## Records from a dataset
============================================================
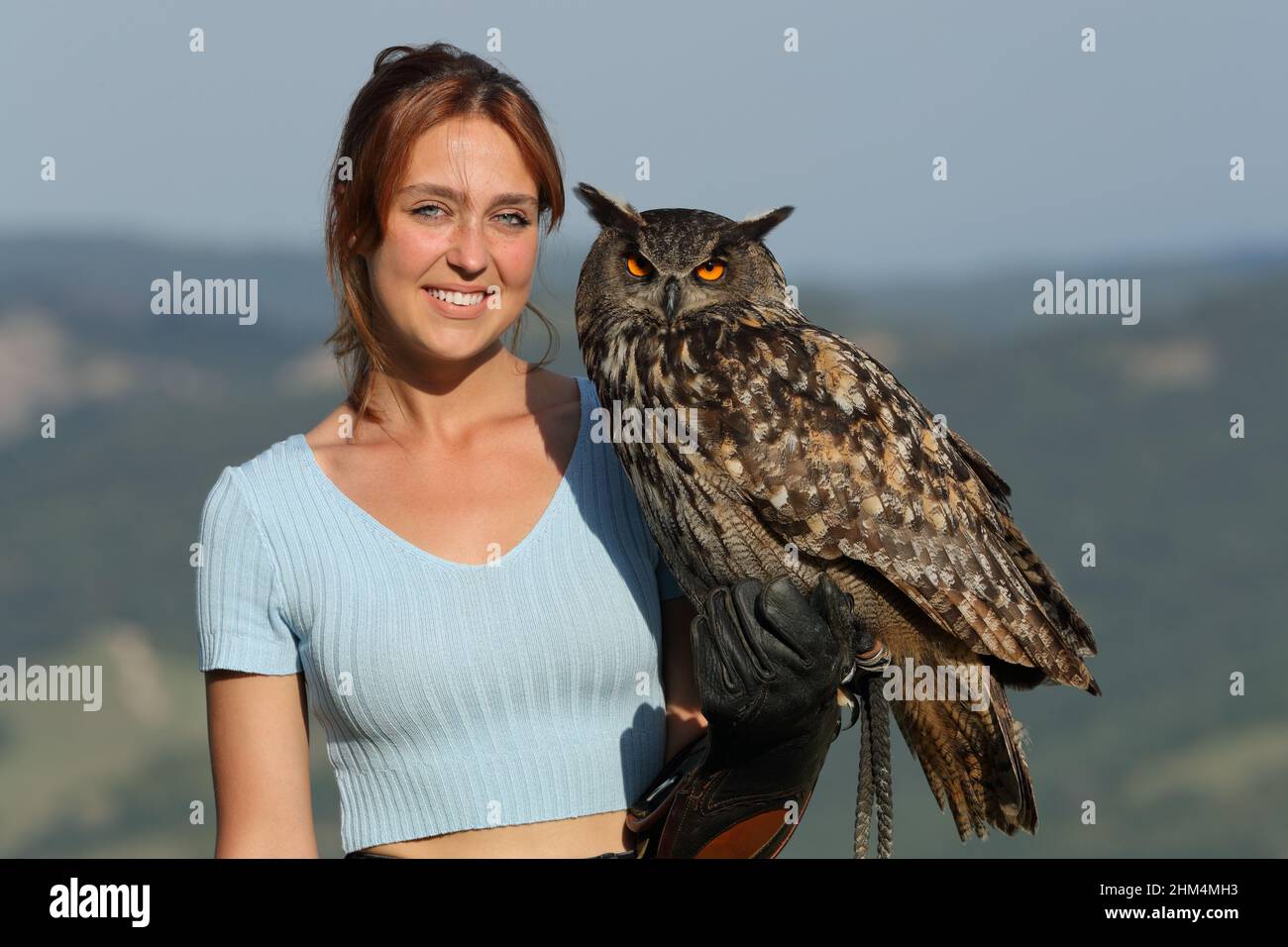Happy falconer holding a eagle owl looking at you smiling at camera Stock Photo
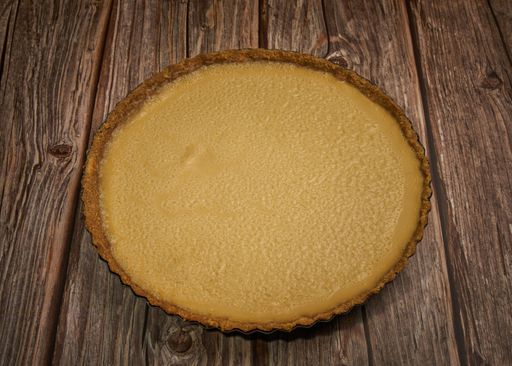 Cream cheese cake on a wooden surface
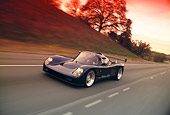 AUT 29 RK0508 03
2000 Ultima GTR Blue 3/4 Front View On Road In Motion By Trees Filtered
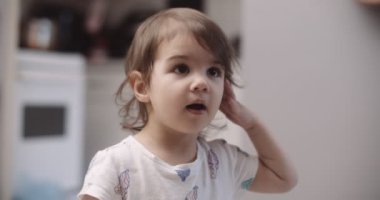 Normal bir günde evde sevimli, komik, küçük bir kızın portresi. 4K RAW 'da bir sinema kamerasında çekildi..
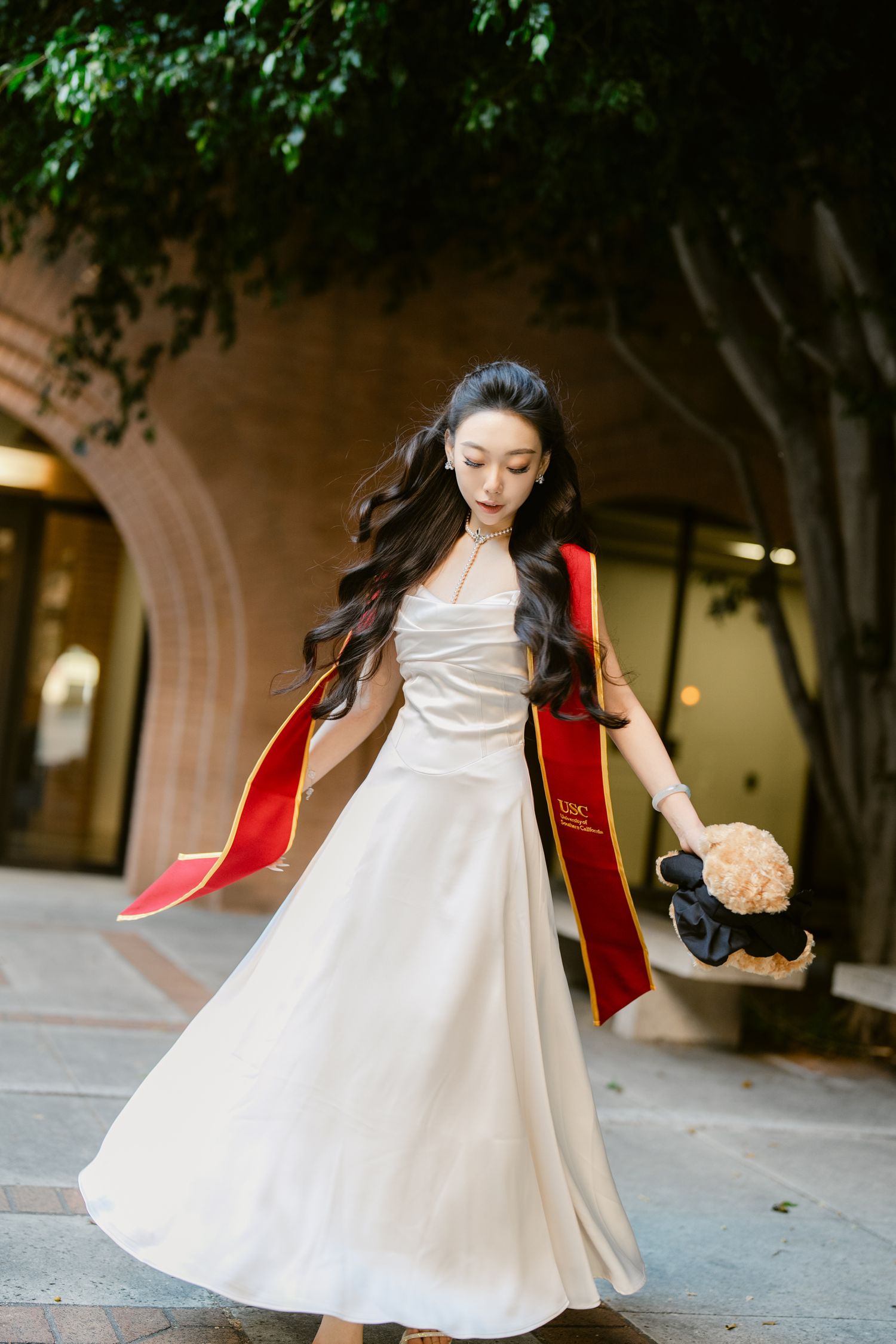 Graduate in white dress and red stole twirling on campus grounds.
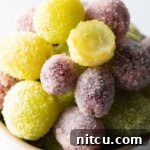 A bowl of green and purple candy grapes. One of the green grapes has been bitten in half to show the inside.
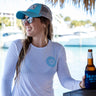Woman wearing Blueline Surf & Paddle UV shirt and blue hat holding a Blueline Jupiter Lighthouse koozie on the Intracoastal Waterway in Jupiter, Florida, showcasing South Florida surf and paddle lifestyle apparel.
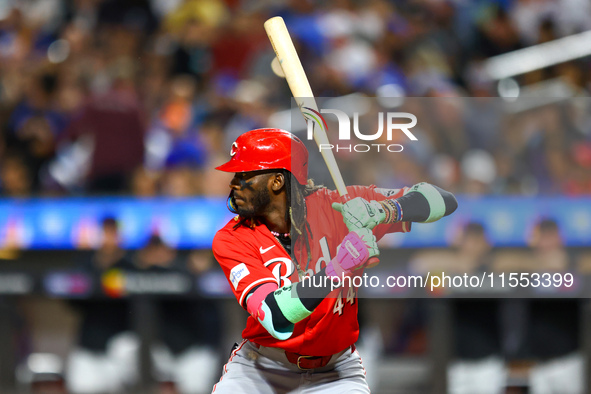 Elly De La Cruz #44 of the Cincinnati Reds hits the ground after avoiding a pitch during the ninth inning of the baseball game against the N...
============================================================
Reproduce only the lines running from the beginning of the entries above to the line holding "Graduate in white", inclusive. Pictures stay out of the copy.

## Solution for this task
Happy falconer holding a eagle owl looking at you smiling at camera Stock Photo
 Cream cheese cake on a wooden surface
 AUT 29 RK0508 03
2000 Ultima GTR Blue 3/4 Front View On Road In Motion By Trees Filtered
 Normal bir günde evde sevimli, komik, küçük bir kızın portresi. 4K RAW 'da bir sinema kamerasında çekildi..
 Graduate in white dress and red stole twirling on campus grounds.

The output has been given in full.